- **WHAT NEEDS TO BE DONE**
Go over the entries below line by line, copying each one that contains the word "Saint".
━━━━━━━━━━━━━━━━
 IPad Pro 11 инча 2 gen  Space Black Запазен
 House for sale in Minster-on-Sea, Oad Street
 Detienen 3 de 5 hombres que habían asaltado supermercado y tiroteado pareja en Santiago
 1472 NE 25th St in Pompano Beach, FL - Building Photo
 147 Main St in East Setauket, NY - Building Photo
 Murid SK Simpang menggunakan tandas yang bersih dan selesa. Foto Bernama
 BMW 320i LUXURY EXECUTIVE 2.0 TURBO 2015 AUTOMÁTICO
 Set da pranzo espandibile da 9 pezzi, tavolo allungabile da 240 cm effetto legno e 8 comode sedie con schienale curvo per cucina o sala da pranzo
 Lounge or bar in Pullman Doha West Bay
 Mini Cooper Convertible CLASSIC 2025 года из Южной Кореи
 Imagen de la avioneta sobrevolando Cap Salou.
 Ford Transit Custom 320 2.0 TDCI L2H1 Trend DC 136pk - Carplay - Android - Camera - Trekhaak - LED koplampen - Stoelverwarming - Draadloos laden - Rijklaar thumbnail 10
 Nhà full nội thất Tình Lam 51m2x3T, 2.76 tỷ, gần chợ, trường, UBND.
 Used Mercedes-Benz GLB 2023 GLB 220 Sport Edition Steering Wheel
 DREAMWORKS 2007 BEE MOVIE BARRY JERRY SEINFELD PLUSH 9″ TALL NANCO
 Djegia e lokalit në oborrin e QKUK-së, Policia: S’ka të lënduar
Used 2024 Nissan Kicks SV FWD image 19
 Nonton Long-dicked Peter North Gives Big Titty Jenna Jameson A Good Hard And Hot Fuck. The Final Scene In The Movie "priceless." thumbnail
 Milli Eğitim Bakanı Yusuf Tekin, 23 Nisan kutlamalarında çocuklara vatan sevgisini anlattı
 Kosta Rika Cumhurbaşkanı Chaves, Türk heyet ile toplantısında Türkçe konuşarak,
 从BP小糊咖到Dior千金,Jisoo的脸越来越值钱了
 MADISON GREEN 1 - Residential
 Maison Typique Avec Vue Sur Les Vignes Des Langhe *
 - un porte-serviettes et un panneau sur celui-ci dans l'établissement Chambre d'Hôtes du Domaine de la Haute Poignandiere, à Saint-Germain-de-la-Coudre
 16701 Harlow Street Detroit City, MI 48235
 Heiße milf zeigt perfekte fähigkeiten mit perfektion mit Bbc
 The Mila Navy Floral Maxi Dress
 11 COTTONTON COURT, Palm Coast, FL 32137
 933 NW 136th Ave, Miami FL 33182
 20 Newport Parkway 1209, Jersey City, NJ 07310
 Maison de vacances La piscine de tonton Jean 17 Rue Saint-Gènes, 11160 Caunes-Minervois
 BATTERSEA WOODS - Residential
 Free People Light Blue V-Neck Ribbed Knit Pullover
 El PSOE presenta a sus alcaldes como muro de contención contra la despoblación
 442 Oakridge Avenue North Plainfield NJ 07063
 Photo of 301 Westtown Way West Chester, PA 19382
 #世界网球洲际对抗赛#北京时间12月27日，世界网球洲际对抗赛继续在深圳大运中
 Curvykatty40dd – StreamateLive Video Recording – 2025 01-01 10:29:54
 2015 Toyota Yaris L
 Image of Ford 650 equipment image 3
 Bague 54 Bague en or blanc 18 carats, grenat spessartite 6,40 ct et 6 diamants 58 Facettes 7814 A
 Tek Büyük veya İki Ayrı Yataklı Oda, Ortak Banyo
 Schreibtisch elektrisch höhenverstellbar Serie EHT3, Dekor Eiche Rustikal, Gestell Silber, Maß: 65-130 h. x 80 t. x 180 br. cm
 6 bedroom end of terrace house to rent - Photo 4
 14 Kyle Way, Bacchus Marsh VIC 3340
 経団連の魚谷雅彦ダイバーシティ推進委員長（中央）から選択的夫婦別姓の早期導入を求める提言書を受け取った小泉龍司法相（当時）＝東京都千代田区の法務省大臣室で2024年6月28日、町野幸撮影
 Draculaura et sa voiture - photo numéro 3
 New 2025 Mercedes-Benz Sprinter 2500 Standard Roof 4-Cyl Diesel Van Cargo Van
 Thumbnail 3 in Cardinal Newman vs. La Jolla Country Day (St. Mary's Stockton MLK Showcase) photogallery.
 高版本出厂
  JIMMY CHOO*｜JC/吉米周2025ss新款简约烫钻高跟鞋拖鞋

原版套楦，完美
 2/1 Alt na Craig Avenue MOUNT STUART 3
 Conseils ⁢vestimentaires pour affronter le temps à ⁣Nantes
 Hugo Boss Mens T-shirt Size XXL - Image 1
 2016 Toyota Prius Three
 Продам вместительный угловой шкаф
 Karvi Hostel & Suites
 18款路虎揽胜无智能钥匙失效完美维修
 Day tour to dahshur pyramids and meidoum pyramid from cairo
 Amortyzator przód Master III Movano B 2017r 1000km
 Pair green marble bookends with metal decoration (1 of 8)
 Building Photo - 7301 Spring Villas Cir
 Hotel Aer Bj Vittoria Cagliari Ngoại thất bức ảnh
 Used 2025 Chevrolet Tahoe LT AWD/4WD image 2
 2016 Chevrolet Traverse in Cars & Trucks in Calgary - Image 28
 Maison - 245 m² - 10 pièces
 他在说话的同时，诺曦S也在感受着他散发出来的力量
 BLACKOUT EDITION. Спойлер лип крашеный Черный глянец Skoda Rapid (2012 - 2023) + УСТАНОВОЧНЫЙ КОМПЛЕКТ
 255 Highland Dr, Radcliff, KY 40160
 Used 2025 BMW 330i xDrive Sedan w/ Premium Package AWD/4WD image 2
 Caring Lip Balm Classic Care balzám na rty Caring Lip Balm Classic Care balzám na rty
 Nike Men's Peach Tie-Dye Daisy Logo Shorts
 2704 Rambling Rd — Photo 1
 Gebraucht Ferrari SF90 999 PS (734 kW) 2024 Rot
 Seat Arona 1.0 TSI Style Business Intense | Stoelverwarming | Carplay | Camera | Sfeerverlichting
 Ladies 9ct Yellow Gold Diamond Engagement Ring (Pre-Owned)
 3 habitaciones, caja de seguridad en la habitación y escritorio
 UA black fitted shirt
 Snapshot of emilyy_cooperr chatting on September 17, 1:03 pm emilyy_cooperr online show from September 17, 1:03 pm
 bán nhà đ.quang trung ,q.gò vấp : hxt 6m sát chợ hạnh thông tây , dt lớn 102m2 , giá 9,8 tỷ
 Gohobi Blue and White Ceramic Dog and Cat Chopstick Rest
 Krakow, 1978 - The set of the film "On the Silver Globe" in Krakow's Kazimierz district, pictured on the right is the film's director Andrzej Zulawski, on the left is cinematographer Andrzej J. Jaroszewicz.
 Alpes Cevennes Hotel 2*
━━━━━━━━━━━━━━━━
- **RESPONSE TO THE TASK**
 - un porte-serviettes et un panneau sur celui-ci dans l'établissement Chambre d'Hôtes du Domaine de la Haute Poignandiere, à Saint-Germain-de-la-Coudre
 Maison de vacances La piscine de tonton Jean 17 Rue Saint-Gènes, 11160 Caunes-Minervois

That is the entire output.